Beide Krankheiten werden von unterschiedlichen Viren ausgelöst, die vor allem über Blut übertragen werden. Die dadurch entstehenden Entzündungen der Leber können langfristig schwere Schäden verursachen, darunter Leberzirrhose und Leberkrebs.

Hepatitis B besonders verbreitet

Die größere Belastung entfällt auf Hepatitis B: Etwa 240 Millionen Menschen sind davon betroffen.

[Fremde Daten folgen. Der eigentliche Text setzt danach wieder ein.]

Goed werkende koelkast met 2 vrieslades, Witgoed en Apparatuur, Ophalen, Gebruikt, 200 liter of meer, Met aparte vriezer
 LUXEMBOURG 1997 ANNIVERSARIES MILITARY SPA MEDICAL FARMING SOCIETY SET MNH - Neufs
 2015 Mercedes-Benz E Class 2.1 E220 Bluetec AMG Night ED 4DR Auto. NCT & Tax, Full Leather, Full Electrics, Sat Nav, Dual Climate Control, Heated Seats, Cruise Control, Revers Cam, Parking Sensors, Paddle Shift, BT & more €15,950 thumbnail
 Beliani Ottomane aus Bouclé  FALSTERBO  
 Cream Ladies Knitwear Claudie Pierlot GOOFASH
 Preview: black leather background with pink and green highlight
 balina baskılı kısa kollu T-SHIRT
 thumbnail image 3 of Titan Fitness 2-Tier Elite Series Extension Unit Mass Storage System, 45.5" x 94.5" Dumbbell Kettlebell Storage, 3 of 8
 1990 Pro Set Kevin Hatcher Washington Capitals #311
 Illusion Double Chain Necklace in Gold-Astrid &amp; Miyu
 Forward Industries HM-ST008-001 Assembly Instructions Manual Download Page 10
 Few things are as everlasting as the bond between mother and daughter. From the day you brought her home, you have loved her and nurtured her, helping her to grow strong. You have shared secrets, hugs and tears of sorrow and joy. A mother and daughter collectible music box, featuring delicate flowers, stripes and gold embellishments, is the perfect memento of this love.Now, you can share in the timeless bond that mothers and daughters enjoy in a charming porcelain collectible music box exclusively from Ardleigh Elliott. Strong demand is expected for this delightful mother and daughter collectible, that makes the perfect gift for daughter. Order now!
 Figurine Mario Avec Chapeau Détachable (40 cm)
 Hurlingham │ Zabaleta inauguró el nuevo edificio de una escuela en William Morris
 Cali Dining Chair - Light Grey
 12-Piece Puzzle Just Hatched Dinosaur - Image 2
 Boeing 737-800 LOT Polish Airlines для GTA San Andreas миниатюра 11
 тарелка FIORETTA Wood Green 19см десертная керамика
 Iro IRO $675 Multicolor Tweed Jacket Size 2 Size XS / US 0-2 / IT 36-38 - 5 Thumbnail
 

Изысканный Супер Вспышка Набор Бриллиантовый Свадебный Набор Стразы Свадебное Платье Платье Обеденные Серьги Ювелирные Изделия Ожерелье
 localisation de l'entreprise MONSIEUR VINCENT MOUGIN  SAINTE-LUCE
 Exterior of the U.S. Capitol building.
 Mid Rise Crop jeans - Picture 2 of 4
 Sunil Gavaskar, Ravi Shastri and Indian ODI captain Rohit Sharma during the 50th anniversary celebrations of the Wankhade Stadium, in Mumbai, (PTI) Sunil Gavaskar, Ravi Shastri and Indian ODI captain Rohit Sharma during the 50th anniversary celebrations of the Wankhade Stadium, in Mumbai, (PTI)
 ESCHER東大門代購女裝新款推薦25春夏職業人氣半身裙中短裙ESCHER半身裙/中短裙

Jährlich sterben rund 1,1 Millionen Menschen an den Folgen – damit fordert die Krankheit laut WHO mehr als doppelt so viele Todesopfer wie Malaria. Bei Hepatitis C liegt die Zahl der Todesfälle bei ungefähr 240.000 pro Jahr.

Obwohl sich Hepatitis C in den meisten Fällen seit 2015 erfolgreich behandeln und heilen lässt, kritisiert die WHO, dass bislang nur etwa ein Fünftel der Betroffenen eine Therapie erhalten hat.

Impfungen und Tests als wichtige Maßnahmen

Die WHO empfiehlt, Schwangere routinemäßig auf Hepatitis B zu testen. Neugeborene von infizierten Müttern sollten direkt nach der Geburt geimpft werden. Auch in Deutschland rät die Ständige Impfkommission (Stiko) zu einer frühen Hepatitis-B-Impfung. Darüber hinaus empfiehlt sie die Impfung für Erwachsene mit erhöhtem Risiko, etwa bei bestimmten Vorerkrankungen oder besonderer Ansteckungsgefahr.

Hoffnung durch neue Forschung

Für Aufmerksamkeit sorgte in diesem Frühjahr eine Studie aus China. Ein Forschungsteam berichtete, dass bei einigen Patientinnen und Patienten mit Hepatitis B durch eine Kombinationstherapie erstmals eine funktionelle Heilung erreicht werden konnte. Das bedeutet, dass die Virusmenge unter die Nachweisgrenze sinkt. Eine spätere Vermehrung des Virus bleibt allerdings möglich, etwa wenn das Immunsystem geschwächt wird.